To do our job, now and in the future, the Civil Service needs to harness the talent of the whole nation, and reflect modern Britain.
To help do that, just over a year ago we published our Talent Action Plan, with clear commitments to increase diversity and address inequality.
Since then we've made progress in areas such as name-blind recruitment, talent schemes, shared parental leave and workplace adjustments.
Today, we're publishing Talent Action Plan 2016. The plan sets out how we've done against commitments made last time, and new commitments focused on improving social mobility.
This is all with the goal of making the Civil Service Britain’s most inclusive employer.
There’s a world of opportunity in public service. We need to do more to make sure everyone is aware and has access to that opportunity. To do this, we need to hold up a mirror to ourselves and see what we must do to improve.
The Civil Service has already made huge progress on equality in terms of race, gender and sexuality. It is now more diverse than it has ever been and compares favourably to many public and private employers. The proportions of people from ethnic minorities or declaring a disability are at historic highs; and women make up 54% of the Civil Service.
But the representation of all these groups at senior levels is still far too low.
That’s why one of the first things I did when I took this job was to commission a report into diversity in our graduate Fast Stream. And I have previously discussed here how we found that the most glaring inequality exists beyond legally protected characteristics when you look at social background.
This isn't just the right thing to do. It's also about being an effective organisation. All the evidence shows that organisations work better when they have people from different backgrounds, offering different perspectives.

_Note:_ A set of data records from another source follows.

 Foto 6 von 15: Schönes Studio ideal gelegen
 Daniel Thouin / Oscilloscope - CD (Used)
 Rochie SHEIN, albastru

Reaching out to the public
We’re facing up to the problem. So how do we fix it?
Everyone in government has a duty to do their best to serve the public. So we are setting up a schools outreach plan for civil servants, and I want to encourage every civil servant to reach out, to devote an hour each year to visiting schools and inspiring future generations to work in government.
In most cases, you will be able to use some of your guaranteed volunteering time to take on this important opportunity, and you will be supported by our partner Inspiring the Future. Registering only takes 5 minutes. This morning, I spent time talking to schoolchildren in Wood Green alongside civil servants representing a range of different jobs. I hope you will follow suit over the next few months to inspire young people in a school near you.

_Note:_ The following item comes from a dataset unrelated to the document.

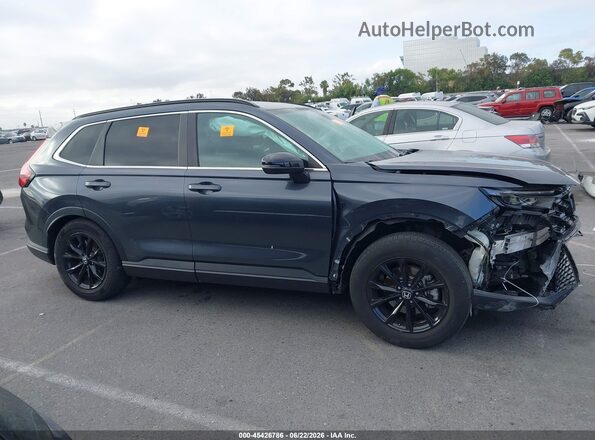 2HKRS6H5XRH804472 2024 HONDA CR-V Серый 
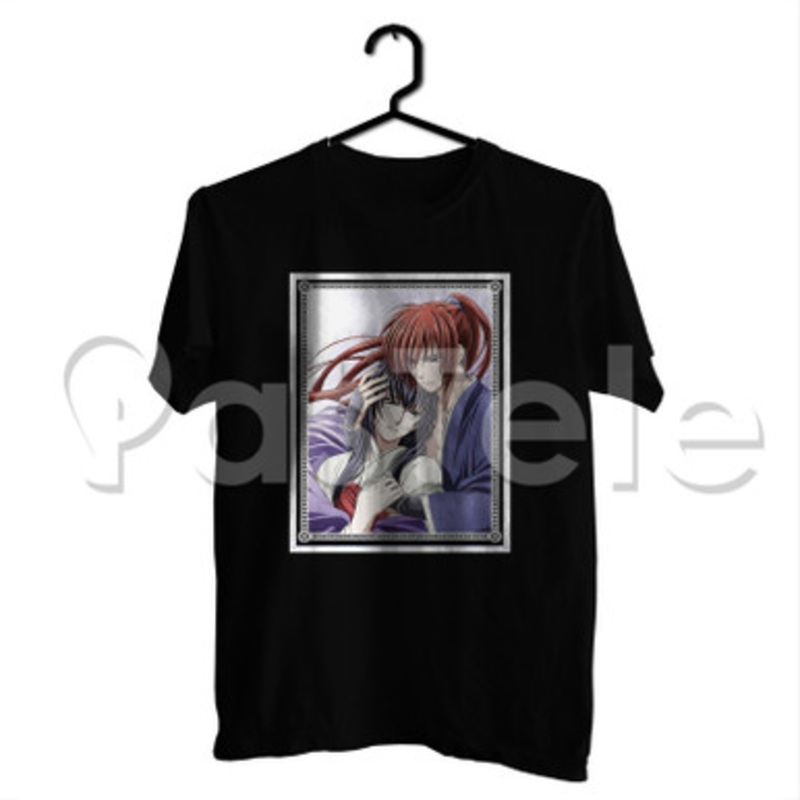Rurouni Kenshin Trust Betrayal Custom Personalized T Shirt Tees Apparel Cotton Tee Shirt Shirts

But you can’t manage what you can’t measure. We can only truly tackle the inequalities that exist in our workplaces if we face up to them, and if we know what to look for. And at the moment there’s no agreed way of looking at this problem. So, as part of today's Talent Action Plan, we’re joining with dozens of major businesses to develop a measure of social mobility - a ground-breaking new standard metric of social and economic background. We’re going to use this index to boost social mobility among the biggest employers in every sector of the economy.

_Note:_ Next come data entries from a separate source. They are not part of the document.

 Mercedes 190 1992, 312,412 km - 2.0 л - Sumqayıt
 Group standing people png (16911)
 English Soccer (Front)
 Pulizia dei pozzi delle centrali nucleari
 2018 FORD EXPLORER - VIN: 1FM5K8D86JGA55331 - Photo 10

Your role in meeting this challenge
The Civil Service can offer opportunity for all, but we need to make sure as many people as possible understand what we provide. We have over 400,000 people in our organisation who can act as potential advocates - and spending just one hour a year speaking to pupils about our work can make a real difference.
The Civil Service needs to be a leader, driving change by being the most inclusive employer in the world. To do this we have to throw open the doors of government to new talent and tell them: don’t let yourself be held back, we are on your side.